Wednesday, May 14, 2008

'GHOST' EXPELS HEALTH BOSS...From Accountant-General's payroll (LEAD STORY)

Story: George Ernest Asare, Kumasi

The move to purge the payroll of the Ghana Health Service (GHS) of ghost names has resulted in the deletion of the name of the Director-General of the service, Dr E. K. Sory.
Dr Sory found himself among scores of health workers whose names were on the payroll but declared as “ghost workers” during the latest head count conducted within the service.
Victims of the exercise who are actually at post in various health institutions across the country, have not received any salary since March, this year.

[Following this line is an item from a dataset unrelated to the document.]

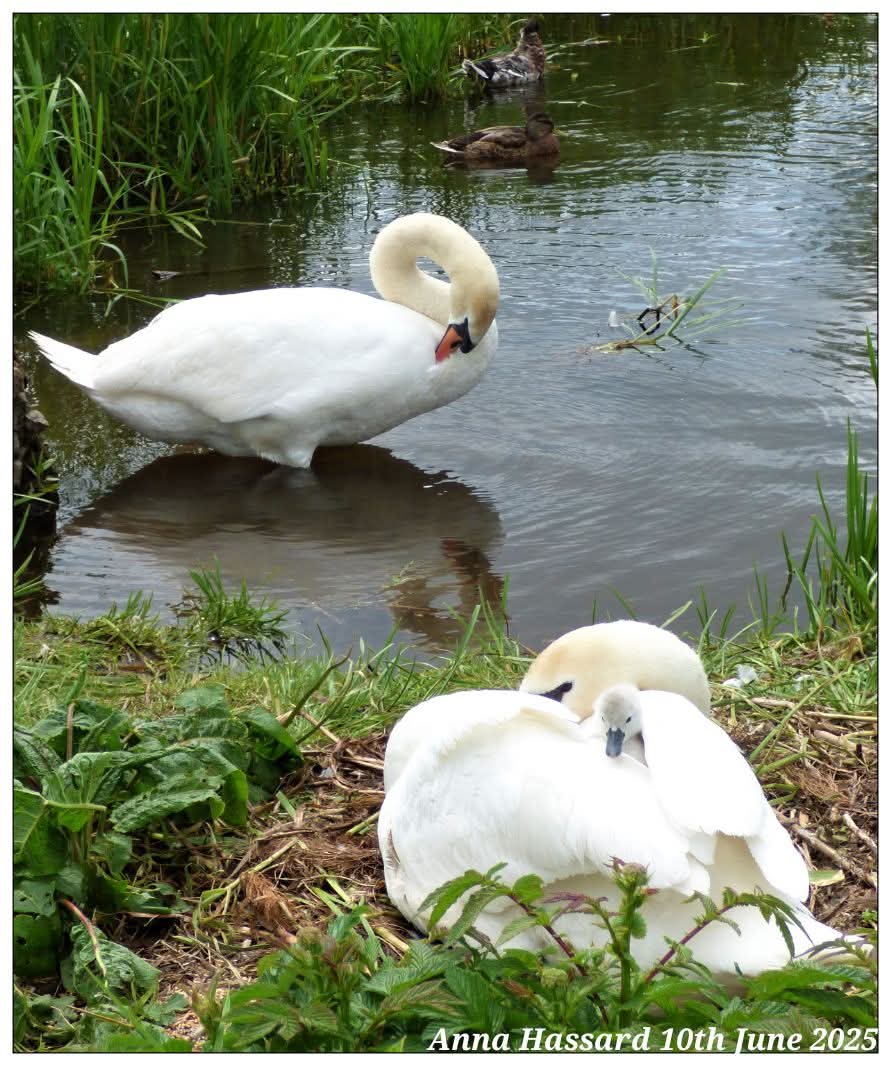 AnnaInFermanagh's tweet image.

When he realised that his name had been deleted from the payroll, Dr Sory last month wrote a letter to the Minister of Finance and Economic Planning, expressing the displeasure of the service about the anomaly.

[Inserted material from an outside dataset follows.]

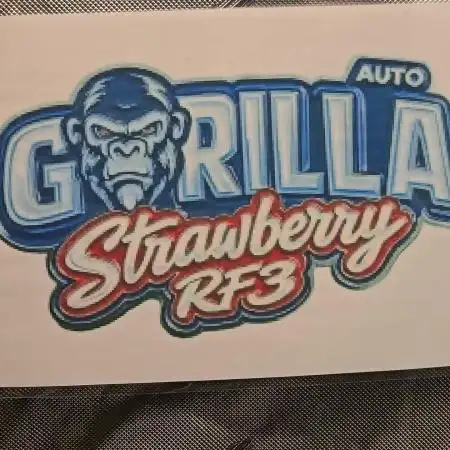 StrawberryGorillaAuto(RF3)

In the letter, the Director-General wondered why those who carried out the exercise failed to check from the GHS before effecting the deletion of the names from the payroll at the Accountant-General’s Department.
In Kumasi alone, more than 50 health workers in active service, including those in top management positions, were affected by the Head Count Exercise, which sought to delete names of workers they suspected not to be in active service from the payroll of the Controller and Accountant General’s Department.
While some of the affected workers said they were relying on friends and family members to support them financially to cater for their immediate needs, others said they had resorted to borrowing from financial institutions and workplaces to enable them to make ends meet.
“We wish to express our displeasure at the inadequate involvement of the service in the validation of the data that was collated across the country during this important national exercise,” Dr Sory’s letter noted.
The letter, written on April 7, 2008, pointed out that “health workers in active service did not receive their salaries for March 2008”.
“The Director-General of GHS is among those who have been affected by this irregularity,” it added, and pointed out that the “anomaly stems from the erroneous deletion of names of the affected staff from the payroll following the recent Head Count Exercise, which was carried out in the country’s public sector under the auspices of the Ministry of Health, Ministry of Finance and Economic Planning, Controller and Accountant General’s Department and the Ghana Statistical Service”.
According to the letter, “most of the affected workers were among those who duly filled the relevant forms with their passport pictures”.
Dr Sory, therefore, appealed to the sector minister to take urgent steps “to rectify this anomaly to forestall any potential labour unrest in the service”.
He, however, urged Heads of the Budget and Management Centres (BMC’s) and (GHS) “to prevail on their respective staff to exercise maximum restraints while efforts are being made to get their names back on the payroll”.